2015年3月17日(火)、キディル(KIDILL)が「Imperfect Rhyme」をテーマに、2015-16年秋冬コレクションを東京・渋谷ヒカリエで発表した。
今季の鍵は、50年代と現代を融合させたハイブリッドな感覚。例えば、どこか懐かしさを感じさせる、グレンチェックのジャケット。ニードルパンチに、人間の体に関わるワードを立体的に浮かび上がらせている。このアプローチは、デザイナー末安弘明の熟思の結晶。思索を重ねた結果、人間こそハイブリッドなのでは…という考えに行きついたと語る。また斬新なデザインは、光沢のあるチャイナ風シャツなどのユニークなアイテムも生み出した。
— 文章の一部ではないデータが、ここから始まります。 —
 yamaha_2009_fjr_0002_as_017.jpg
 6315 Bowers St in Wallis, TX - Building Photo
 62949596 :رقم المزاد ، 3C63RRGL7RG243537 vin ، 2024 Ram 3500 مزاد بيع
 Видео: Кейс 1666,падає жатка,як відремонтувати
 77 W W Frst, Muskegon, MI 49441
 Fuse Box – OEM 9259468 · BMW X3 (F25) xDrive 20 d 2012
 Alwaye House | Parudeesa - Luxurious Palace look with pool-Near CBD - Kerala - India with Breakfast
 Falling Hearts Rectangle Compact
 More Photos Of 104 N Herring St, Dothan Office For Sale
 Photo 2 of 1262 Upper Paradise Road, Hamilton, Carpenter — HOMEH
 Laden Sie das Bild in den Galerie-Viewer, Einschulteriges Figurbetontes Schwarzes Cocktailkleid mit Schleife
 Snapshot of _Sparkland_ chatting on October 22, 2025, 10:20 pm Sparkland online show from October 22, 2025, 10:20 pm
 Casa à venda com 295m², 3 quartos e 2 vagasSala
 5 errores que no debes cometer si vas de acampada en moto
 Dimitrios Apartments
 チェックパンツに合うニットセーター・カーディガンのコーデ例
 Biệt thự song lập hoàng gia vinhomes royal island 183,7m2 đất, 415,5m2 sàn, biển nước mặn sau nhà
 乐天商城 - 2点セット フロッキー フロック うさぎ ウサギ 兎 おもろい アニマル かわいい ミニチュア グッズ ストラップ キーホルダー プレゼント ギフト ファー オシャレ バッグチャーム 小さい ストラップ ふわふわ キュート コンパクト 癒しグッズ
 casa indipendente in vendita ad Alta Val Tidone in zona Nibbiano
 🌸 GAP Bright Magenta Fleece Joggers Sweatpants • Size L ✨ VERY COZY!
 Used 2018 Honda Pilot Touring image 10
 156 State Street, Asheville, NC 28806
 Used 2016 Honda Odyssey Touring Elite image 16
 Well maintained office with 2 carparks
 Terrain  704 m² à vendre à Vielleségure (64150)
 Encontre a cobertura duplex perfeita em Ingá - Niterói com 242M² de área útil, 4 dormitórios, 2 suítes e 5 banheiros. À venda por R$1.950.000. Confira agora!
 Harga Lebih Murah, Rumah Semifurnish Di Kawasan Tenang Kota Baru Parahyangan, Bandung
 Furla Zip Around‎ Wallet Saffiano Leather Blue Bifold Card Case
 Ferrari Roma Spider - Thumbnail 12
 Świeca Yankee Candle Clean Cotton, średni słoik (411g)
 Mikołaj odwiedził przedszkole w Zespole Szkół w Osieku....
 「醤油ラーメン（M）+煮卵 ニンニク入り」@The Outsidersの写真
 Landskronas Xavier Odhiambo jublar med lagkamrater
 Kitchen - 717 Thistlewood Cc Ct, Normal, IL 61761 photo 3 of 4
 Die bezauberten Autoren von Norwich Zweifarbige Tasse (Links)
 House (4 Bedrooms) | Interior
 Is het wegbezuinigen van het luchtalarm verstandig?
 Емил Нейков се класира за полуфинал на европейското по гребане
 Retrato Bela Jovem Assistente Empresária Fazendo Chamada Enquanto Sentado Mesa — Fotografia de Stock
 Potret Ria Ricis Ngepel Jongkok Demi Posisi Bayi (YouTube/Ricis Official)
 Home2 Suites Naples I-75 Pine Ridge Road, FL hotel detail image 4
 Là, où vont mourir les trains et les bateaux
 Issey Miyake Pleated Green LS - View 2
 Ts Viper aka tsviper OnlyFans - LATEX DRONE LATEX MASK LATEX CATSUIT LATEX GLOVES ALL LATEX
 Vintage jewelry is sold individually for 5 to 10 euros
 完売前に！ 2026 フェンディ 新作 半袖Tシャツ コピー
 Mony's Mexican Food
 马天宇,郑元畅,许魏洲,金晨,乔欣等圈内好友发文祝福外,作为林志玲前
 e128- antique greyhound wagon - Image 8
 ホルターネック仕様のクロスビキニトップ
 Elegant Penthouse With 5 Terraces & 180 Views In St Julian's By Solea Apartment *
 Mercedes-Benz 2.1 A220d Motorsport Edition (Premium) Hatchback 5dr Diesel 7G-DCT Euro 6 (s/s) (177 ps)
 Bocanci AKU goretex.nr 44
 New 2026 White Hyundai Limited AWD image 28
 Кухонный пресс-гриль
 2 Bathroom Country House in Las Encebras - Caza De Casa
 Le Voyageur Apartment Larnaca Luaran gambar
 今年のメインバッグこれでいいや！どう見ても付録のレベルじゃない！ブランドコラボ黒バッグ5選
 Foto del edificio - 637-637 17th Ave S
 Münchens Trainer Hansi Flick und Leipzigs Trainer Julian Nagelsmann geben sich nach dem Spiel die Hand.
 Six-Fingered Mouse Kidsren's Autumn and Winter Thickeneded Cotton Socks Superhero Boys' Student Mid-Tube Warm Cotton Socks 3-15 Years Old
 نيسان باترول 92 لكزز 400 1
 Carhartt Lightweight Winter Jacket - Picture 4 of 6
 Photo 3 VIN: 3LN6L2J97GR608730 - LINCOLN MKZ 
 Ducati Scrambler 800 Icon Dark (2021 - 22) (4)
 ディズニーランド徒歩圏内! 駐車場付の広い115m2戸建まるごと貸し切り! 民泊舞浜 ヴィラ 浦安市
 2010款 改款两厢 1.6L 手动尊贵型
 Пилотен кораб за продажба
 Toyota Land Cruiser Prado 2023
どこか足りない、または多いな…。と感じさせるデザインやコーディネートも、今季の特徴だろう。袖が少しだけ足りないシャツ、腕も胴周りも余るほどに贅沢に生地を使用したジャケットなど。また、パッチワークやバックスタイルへのこだわりも伝わってくる。細く裂いたデニム地を張り合わせようなジャケット、パンツの一部分とニットを組み合わせストール、まるで飛んでいってしまいそうなほどに広がりのあるパーカーなどが揃った。
そこに、さくらんぼやスターといったアイキャッチなアクセントでひねりをプラス。さくらんぼは、大きなモチーフを頭上に配したキャップ、太さの異なるボーダーを組み合わせたニットなどを展開。スターはモノトーンで表現され、ジャケットに大きくあしらわれた。
ショー終了後、第8回「DHL デザイナーアワード」受賞式が開催され、受賞者である末安が出席した。「この受賞を機に、(アジア以外にも)もっとマーケットを広げていきたい。」と笑顔で語る姿には、さらに飛躍していくブランドの未来が映し出されていた。